Spring changes wildlife behaviour and we need to adapt, say park officials

Lions and tigers and bears! Well, not lions or tigers. But the bears certainly are on the move in Kootenay National Park (along with deer and numerous other wild species), and park officials want visitors to listen up.

As the behaviour of the wild inhabitants of the park adapts to the new season, keeping them safe will require a similar change of behaviour on the part of visitors.

According to CTV News, park officials have identified one road in particular, which seems to be a focal point for deer and bears searching for food sources. The increased risk of vehicular collision with the animals, as well as the possibility of interrupting their natural life cycles through feeding, has prompted recommendations from the park staff.

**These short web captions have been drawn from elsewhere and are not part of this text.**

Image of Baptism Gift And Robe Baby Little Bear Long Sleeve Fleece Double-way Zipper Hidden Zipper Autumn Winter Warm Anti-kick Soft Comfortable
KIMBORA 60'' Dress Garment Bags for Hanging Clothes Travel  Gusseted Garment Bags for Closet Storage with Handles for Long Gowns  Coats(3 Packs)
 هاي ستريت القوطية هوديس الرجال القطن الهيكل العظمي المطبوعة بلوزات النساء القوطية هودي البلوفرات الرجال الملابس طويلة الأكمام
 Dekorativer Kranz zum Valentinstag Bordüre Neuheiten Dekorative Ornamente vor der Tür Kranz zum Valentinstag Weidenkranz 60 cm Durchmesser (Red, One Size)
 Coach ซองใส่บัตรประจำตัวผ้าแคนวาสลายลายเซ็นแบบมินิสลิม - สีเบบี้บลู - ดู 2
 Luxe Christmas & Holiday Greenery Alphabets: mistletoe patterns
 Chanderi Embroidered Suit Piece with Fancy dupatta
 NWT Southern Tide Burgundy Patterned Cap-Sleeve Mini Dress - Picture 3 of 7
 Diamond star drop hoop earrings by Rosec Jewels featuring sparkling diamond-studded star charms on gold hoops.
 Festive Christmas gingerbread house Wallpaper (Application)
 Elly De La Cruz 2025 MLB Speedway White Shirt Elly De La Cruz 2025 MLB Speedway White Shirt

CTV News provided this list from park services in hopes visitors will take heed:

  • No stopping zones are just that – you should not stop to view wildlife at all while in these zones
  • Strongly consider not stopping along the side of the road to view wildlife to respect the space they need
  • Wildlife viewing is an enjoyable experience for park visitors nonetheless, but it should be limited to designated viewpoints. Drivers should always watch for other traffic when stopping in these zones and ensure their vehicle is all the way inside the shoulder lane.
  • Do not get out of your vehicle
  • Never feed wildlife
  • Don’t stay any longer than a minute
  • Photographs should be taken without disturbing the wildlife through yelling or throwing objects
  • Visitors should also obey the instructions of park’s staff in the area and move along immediately if told to

Lessons like these are publicized in almost every wildlife-dense jurisdiction this time of year for the simple fact that many people don’t listen – and as a result, tragedy can ensue. Please, take these suggestions to heart and make sure your friends and family are aware of how to stay safe when viewing wildlife.